** Records for this exercise follows **

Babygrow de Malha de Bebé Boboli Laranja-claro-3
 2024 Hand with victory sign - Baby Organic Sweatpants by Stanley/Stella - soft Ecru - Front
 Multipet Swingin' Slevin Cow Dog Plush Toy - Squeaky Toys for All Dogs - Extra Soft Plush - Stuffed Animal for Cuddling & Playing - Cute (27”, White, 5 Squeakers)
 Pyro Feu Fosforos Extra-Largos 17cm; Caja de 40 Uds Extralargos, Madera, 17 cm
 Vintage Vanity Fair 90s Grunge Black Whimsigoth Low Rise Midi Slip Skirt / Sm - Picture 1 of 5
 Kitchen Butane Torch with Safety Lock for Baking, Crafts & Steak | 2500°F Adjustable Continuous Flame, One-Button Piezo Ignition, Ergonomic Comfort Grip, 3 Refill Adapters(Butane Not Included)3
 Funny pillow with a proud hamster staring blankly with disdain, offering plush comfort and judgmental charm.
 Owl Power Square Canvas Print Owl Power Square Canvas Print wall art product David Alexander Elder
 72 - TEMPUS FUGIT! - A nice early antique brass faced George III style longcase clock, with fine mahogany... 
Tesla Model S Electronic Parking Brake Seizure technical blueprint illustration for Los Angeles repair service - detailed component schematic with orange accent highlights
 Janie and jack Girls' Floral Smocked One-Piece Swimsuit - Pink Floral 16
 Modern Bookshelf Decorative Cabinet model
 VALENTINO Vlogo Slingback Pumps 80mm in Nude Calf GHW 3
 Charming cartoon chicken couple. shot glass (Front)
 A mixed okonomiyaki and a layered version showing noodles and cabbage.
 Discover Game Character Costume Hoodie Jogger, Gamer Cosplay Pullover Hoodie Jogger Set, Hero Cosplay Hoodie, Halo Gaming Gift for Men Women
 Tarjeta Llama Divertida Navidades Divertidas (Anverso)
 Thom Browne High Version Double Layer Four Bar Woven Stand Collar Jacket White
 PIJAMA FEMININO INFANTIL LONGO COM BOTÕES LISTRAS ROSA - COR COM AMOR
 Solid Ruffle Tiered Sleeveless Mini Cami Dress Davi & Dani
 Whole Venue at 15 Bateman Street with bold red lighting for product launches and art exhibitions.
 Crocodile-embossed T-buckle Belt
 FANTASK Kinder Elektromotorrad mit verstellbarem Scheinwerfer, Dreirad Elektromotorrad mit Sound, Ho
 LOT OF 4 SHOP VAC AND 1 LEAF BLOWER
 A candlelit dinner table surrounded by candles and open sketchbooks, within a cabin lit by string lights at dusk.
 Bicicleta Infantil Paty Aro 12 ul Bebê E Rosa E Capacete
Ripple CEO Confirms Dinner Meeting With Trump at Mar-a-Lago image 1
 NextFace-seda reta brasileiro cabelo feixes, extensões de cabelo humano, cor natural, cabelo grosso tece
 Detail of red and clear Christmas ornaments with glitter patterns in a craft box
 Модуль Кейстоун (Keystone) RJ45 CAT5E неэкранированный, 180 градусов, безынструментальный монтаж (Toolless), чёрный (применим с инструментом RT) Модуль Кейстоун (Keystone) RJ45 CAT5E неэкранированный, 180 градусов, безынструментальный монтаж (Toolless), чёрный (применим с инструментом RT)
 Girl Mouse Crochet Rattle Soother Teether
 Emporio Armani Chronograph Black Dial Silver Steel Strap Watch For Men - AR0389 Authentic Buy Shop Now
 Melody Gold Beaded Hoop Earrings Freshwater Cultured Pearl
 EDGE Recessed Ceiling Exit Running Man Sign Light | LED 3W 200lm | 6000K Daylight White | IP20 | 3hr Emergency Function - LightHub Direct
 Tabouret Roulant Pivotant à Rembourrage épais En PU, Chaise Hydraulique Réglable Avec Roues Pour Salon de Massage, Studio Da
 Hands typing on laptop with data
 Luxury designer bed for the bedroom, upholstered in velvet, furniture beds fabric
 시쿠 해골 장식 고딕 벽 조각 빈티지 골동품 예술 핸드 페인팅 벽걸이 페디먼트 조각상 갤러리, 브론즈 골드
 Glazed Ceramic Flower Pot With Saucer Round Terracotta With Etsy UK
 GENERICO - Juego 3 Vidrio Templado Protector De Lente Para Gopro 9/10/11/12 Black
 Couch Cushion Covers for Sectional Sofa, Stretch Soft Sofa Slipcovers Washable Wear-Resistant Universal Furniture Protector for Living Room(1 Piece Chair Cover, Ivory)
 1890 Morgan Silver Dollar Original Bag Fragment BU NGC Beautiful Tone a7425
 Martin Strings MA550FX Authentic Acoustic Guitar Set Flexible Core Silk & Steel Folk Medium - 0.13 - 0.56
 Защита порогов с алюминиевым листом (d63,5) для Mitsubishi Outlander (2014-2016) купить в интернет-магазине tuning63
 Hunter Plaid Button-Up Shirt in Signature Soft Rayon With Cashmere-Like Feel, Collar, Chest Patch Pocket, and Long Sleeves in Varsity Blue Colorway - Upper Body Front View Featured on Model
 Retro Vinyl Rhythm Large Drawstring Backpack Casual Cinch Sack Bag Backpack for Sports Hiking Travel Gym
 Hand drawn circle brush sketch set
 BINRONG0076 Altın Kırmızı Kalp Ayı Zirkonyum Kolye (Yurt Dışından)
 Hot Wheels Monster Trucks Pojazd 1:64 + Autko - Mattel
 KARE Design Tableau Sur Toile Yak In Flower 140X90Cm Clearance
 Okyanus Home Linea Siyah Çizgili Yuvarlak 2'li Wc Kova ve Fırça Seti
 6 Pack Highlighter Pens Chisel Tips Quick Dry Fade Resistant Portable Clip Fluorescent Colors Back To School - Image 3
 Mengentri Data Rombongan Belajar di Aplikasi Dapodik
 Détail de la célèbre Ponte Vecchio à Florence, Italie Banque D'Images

** End of Records for this exercise **

◆ **What you will do**
Where does "Front" appear in the listing? Show every line that has it.

◆ **Exercise solution**
 2024 Hand with victory sign - Baby Organic Sweatpants by Stanley/Stella - soft Ecru - Front
 Charming cartoon chicken couple. shot glass (Front)
 Hunter Plaid Button-Up Shirt in Signature Soft Rayon With Cashmere-Like Feel, Collar, Chest Patch Pocket, and Long Sleeves in Varsity Blue Colorway - Upper Body Front View Featured on Model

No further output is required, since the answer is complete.